En una época en que las opiniones no conocen hogar ni a veces al cerebro del cuerpo en que de otro modo habitarían, supongo que este blog debe ser una atrocidad con su ventana y su puerta tan cerradas.
      Tal vez esta entrada se asemeje al cartel colocado a la puerta de ciertos edificios con ínfulas de partido político que,  entre los muchos objetivos de su programa, defienden la prohibición de la publicidad.
    A mí el spam,  ni plin ni plan. Puedo navegar por la red esquivándolo con la pericia de un marinero capaz de oler el musgo de las rocas circundantes. Lo mismo en la calle: "¡ojo, gitana a las doce en punto!; cuidado, cuidado, rumano a a las tres y cuarto; y, ¡oh, dios mío, date prisa, llévate el móvil a la oreja, que allí está la chica de la cruz roja y los chicos de aldeas infantiles!
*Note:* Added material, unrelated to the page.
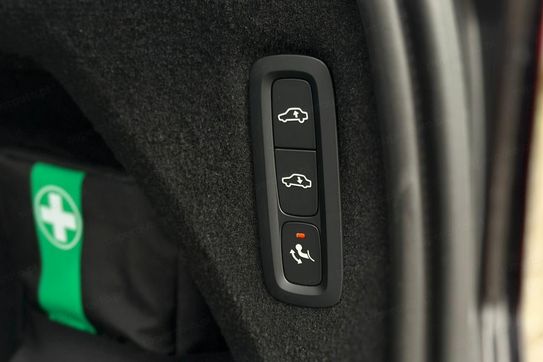 Volvo XC90 T8 AWD Plug-In Hybrid Plus Dark 7os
    En cambio, con las opiniones es más difícil. Independientemente de que no firmes el acuse de recibo o atiendas llamadas imaginarias, el comentario u opinión de turno se queda en tu cabeza, directamente llegado desde la boca o los dedos de quien sea. Entonces comienzas a plantearte si realmente tendrá razón. ¿Seré menos real por no tener una cuenta de facebook vinculada a mi familia, a mis (pocos) amigos y al yo que hay detrás de lo que quiera que sea este Ant Waters? ¿Debería borrar esa cuenta ficticia y crearme una "real" como la de ellos?  ¿Entonces pararán los comentarios que provoca tal o cual opinión?
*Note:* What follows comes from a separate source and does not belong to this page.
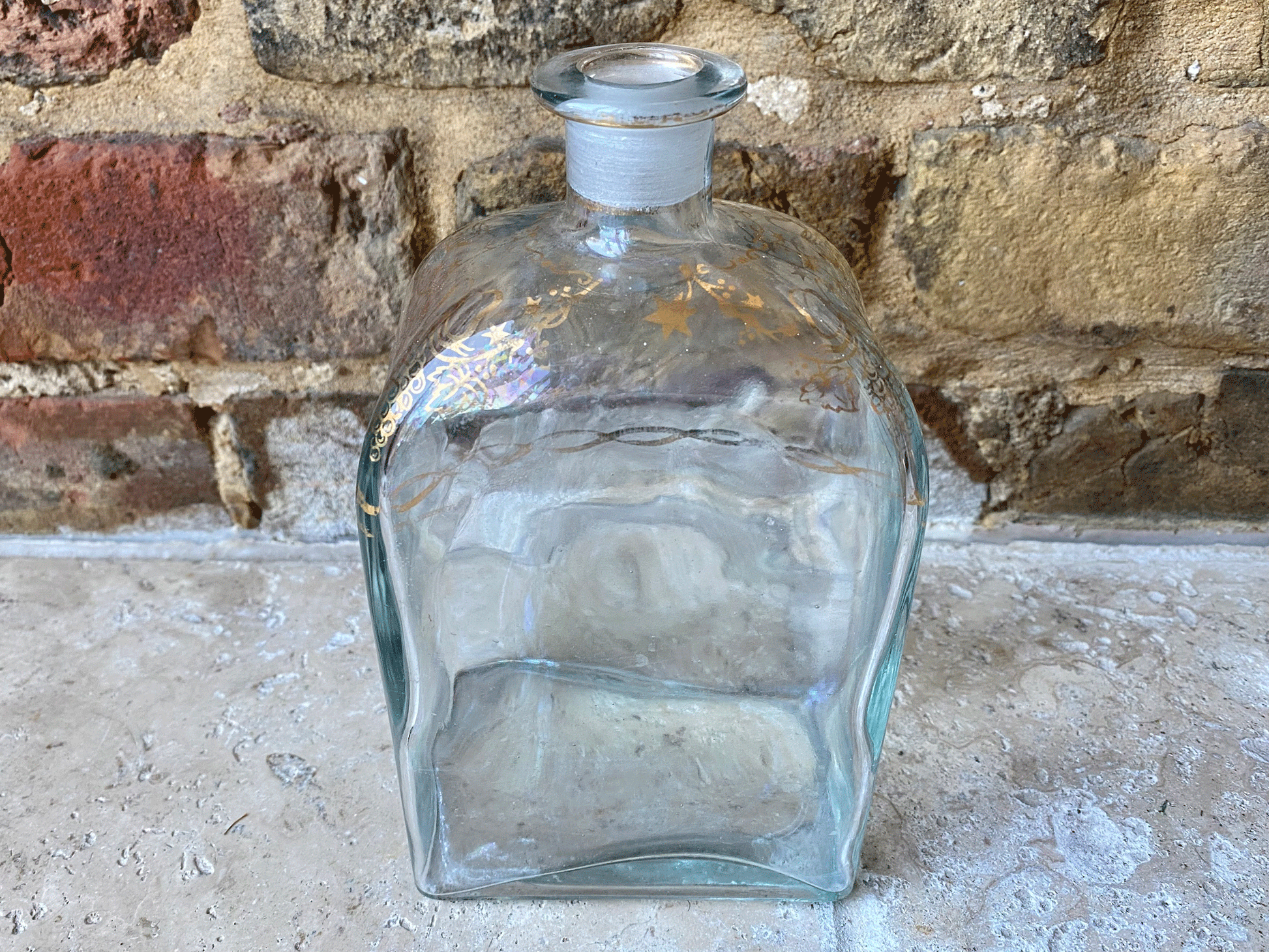 vintage spanish decorative gold etched glass bottle jerez spain sherry liqeur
    Al final, abandoné ese lugar de las cosas que un día nos gustaron y regresé aquí, un poco como las locas, sin dejar que me dijeran adiós, no fuera que tuvieran más opiniones y, peor aún, preguntas. Es más por si de repente las arrastran hasta aquí, que por otra cosa, que he cerrado la puerta y miro muy de vez en cuando desde la ventana, por si lo mismo que ahora explico lo que no me apetecía explicar hará un par de semanas, de pronto me da por dejaros entrar o salir a saludar.